### Problem to solve
The answer should hold only the lines from the one containing "Silicone Jig Skirts" through the one containing "Length Dresses Preorder" in the entries below, copied exactly, without pictures.

### Data for analysis
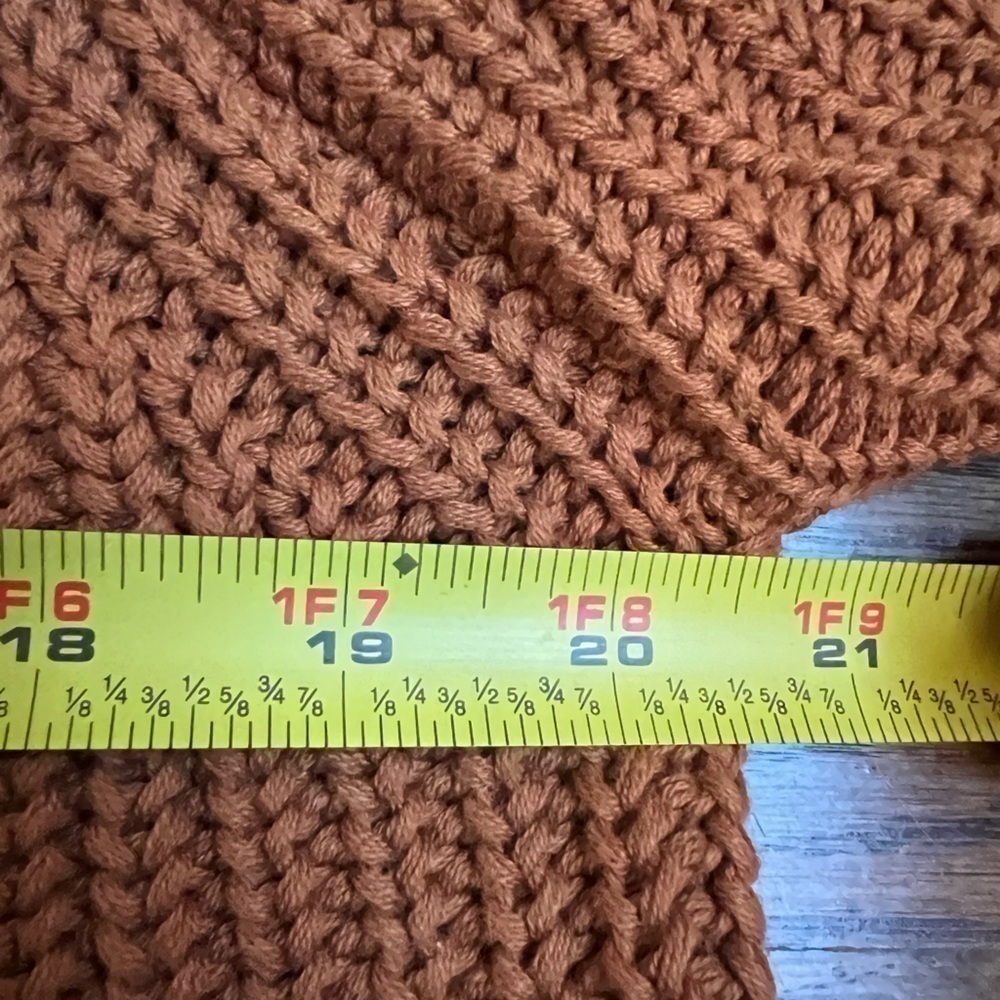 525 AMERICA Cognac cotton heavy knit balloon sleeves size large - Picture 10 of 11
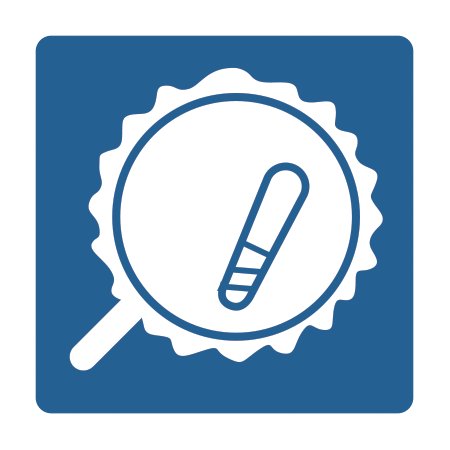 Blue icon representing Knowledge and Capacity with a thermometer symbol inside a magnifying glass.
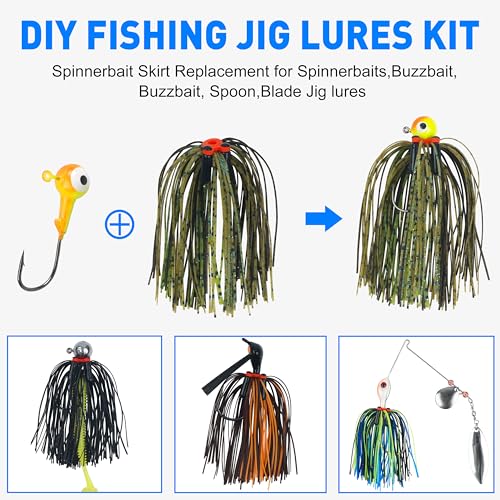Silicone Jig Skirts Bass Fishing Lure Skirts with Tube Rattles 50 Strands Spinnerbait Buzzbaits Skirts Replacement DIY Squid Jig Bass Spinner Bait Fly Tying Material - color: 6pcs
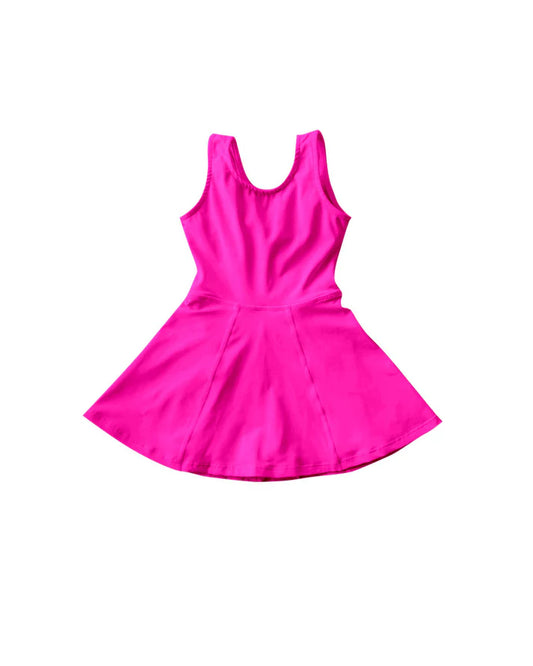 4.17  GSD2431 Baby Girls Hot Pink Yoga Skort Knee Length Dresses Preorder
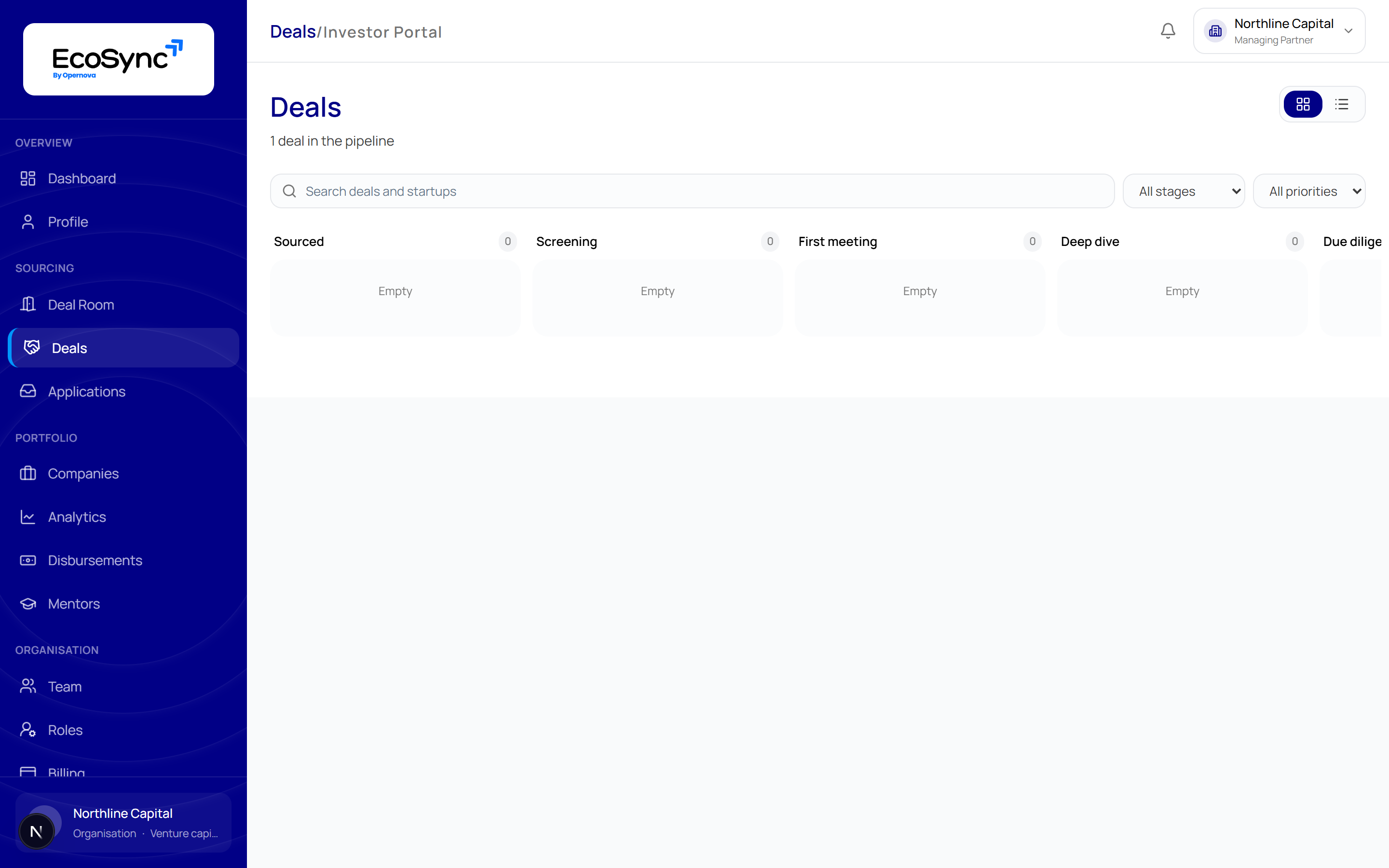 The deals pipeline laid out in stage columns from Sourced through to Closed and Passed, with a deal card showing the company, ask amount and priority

### The answer
Silicone Jig Skirts Bass Fishing Lure Skirts with Tube Rattles 50 Strands Spinnerbait Buzzbaits Skirts Replacement DIY Squid Jig Bass Spinner Bait Fly Tying Material - color: 6pcs
 4.17  GSD2431 Baby Girls Hot Pink Yoga Skort Knee Length Dresses Preorder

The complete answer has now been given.